The geopolitics of artificial intelligence is debated almost entirely as a production problem: who makes the chips, builds the data centers, trains the frontier models. The more immediate exposure for most countries sits elsewhere, in the flow — call it the token flow problem. The 2026 Hormuz disruption restated the oil century’s version of that lesson; this brief makes the equivalent analytical move for AI.

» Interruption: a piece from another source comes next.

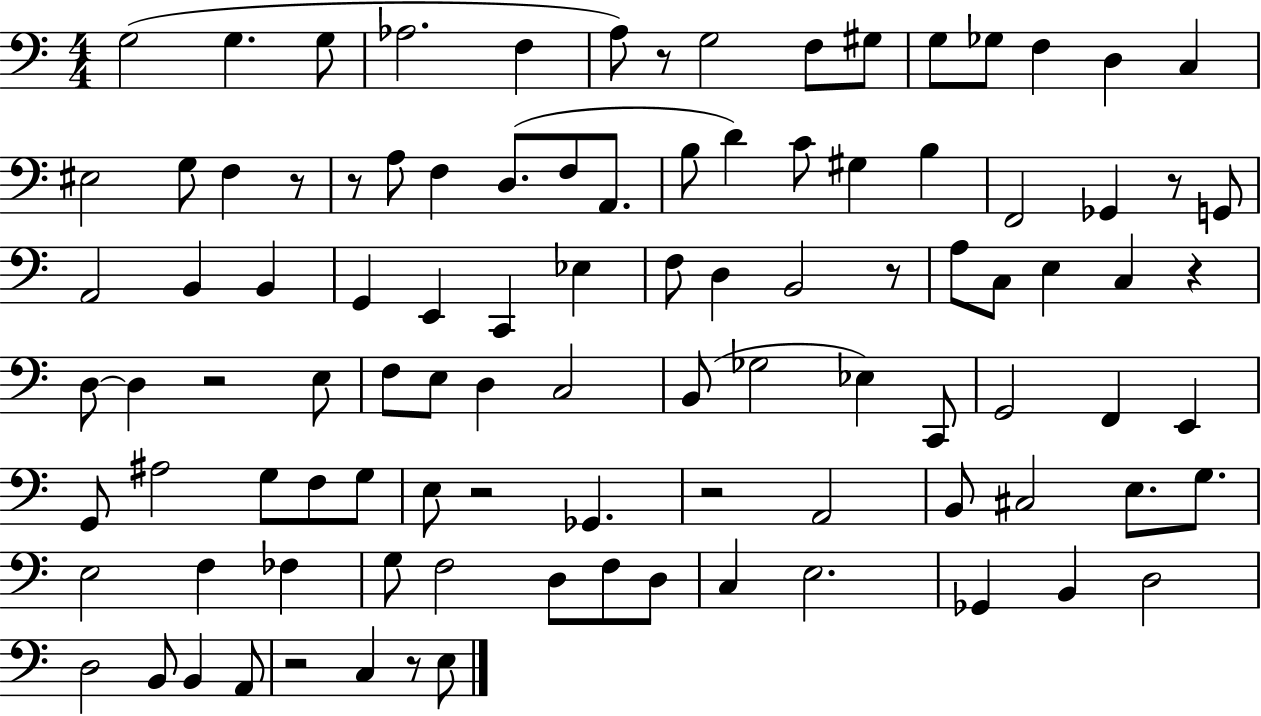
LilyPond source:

The LLM market presents a paradox. Model catalogs are diversifying and commodity-tier token prices have collapsed, roughly 600-fold since 2020 (Du, 2026). Yet enterprise API dollar flow has grown more concentrated: an estimated 88% lands with three U.S. providers (Menlo Ventures, 2025). The mistake is to read the first fact as fading dependence. The leverage has moved — from model production to the recurring passage of inference requests through enforceable gates: account eligibility, supported-country rules, payment rails, rate limits, routing platforms, contracts. The gates are documented, not hypothetical: providers publish the country lists, and payment methods from outside them are grounds for blocking.
The production blind spot
In February 2026, the lesson the oil century taught repeatedly stopped being a reminder and became an event. The Strait of Hormuz — through which about one-fifth of global petroleum liquids consumption passed in early 2025 — was disrupted by regional conflict. Control over flow, the narrow points a commodity must pass through, confers leverage that ownership of production does not capture, and no producer-side statistic predicted what disrupting the strait would do.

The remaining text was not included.